Ungarns neuer Präsident

Janos Ader Kandidat nach Pal Schmitt

Die ungarische Regierungspartei Fidesz hat erwartungsgemäß János Áder zum Kandidaten für das Amt des Staatspräsidenten nominiert. Das höchste Amt im Land ist vakant geworden, nachdem der ehemalige Präsident Pál Schmitt wegen einer Plagiatsaffäre zurückgetreten war.

Anders als in Österreich wird der Staatspräsident in Ungarn vom Parlament gewählt. Da die Regierungspartei eine Zwei-Drittel-Mehrheit im ungarischen Parlament besitzt, ist so gut wie sicher, dass János Áder seinem zurückgetretenen Vorgänger Pál Schmitt nachfolgen wird.
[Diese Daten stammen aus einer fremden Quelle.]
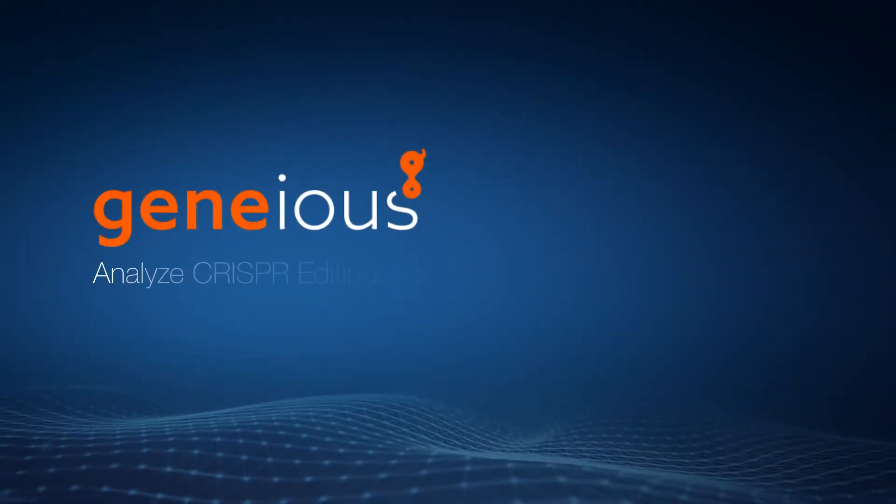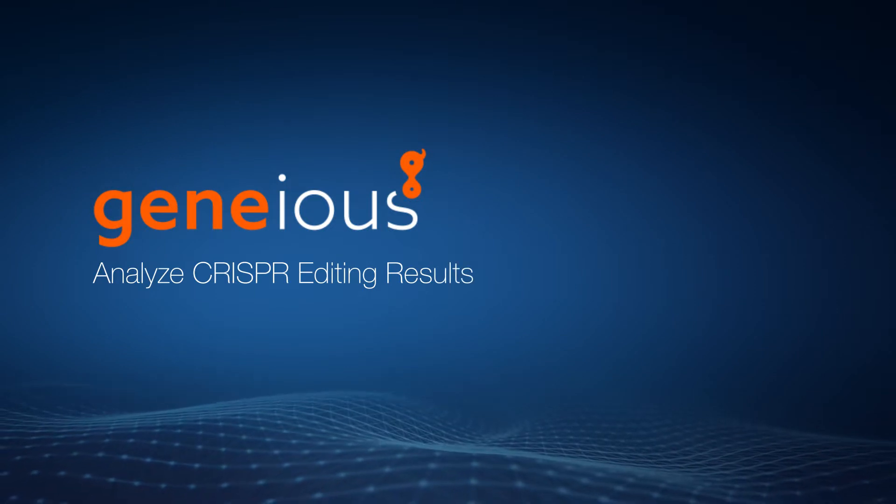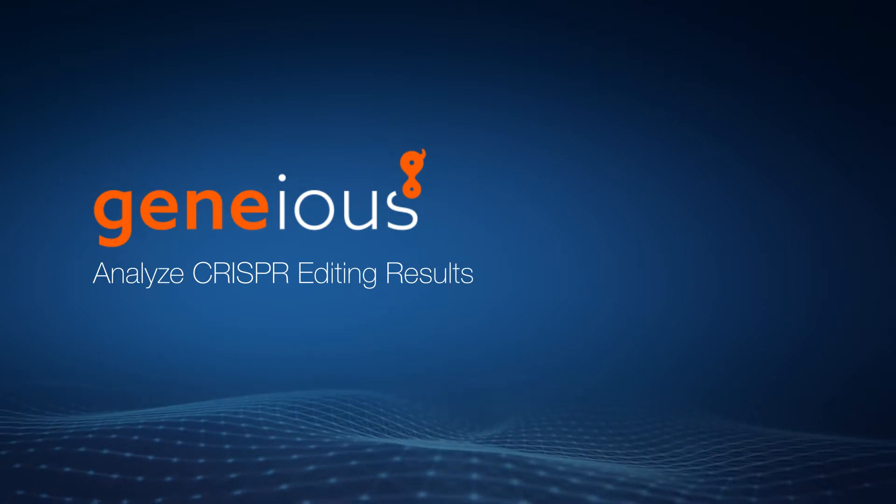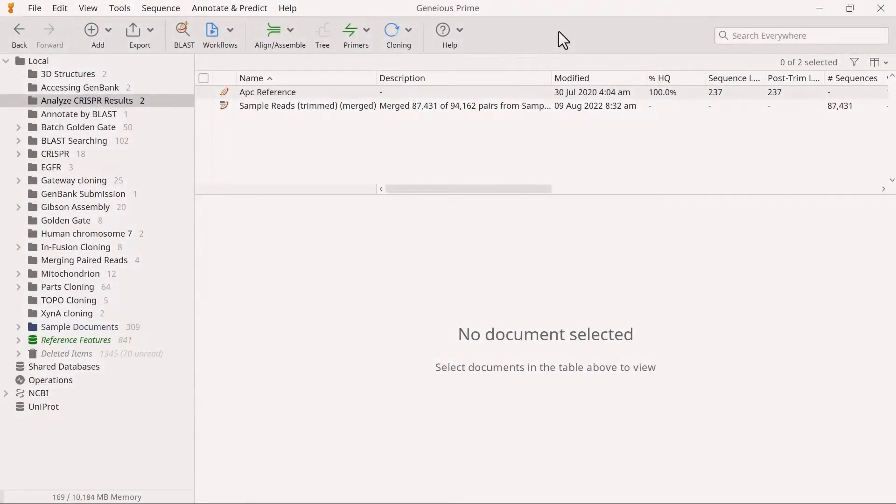Welcome to this video on analyzing CRISPR editing results with Geneious Prime. The Analyze CRISPR editing results tool uses unaligned Illumina sequencing reads from imported FASTQ files.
Am Mittwoch soll der Staatspräsident gewählt werden.

Mittagsjournal, 30.4.2012

Réka Tercza und

Opposition enttäuscht

Die ungarischen Oppositionsparteien sind enttäuscht. Bis zum Schluss haben sie gehofft, Premier Viktor Orbán werde zumindest einen halbwegs Parteiunabhängigen für das Amt des Staatspräsidenten vorschlagen. Doch die Wahl der Regierungspartei Fidesz ist auf das langjährige Parteimitglied János Áder gefallen. Der ungarische Sozialdemokrat László Botka wirft der Regierung Parteilichkeit zu Lasten der ungarischen Demokratie vor:

Die Fidesz begeht einen großen Fehler, da sie die jetzige Situation nicht dafür nutzt, das Image des Präsidentenamtes zu verbessern. Stattdessen will sie die Position Orbáns stärken und setzt deshalb erneut einen Parteisoldaten im Sándor-Palast, dem Sitz des Präsidenten ein.

Boykott angekündigt

Auch die übrigen Oppositionsparteien stehen dem neuen Mann an der Seite von Viktor Orbán kritisch gegenüber. Sie bestreiten, dass sich Áder grundlegend von seinem gescheiterten, sehr Orbán-treuen Amtsvorgänger Pál Schmitt unterscheidet.

Dass sich der künftige Staatspräsident in strittigen Fragen gegen Orbán stellen könnte, halten diese für ausgeschlossen. Aus Protest droht die Opposition die Wahl des Staatspräsidenten in zwei Tagen zu boykottieren.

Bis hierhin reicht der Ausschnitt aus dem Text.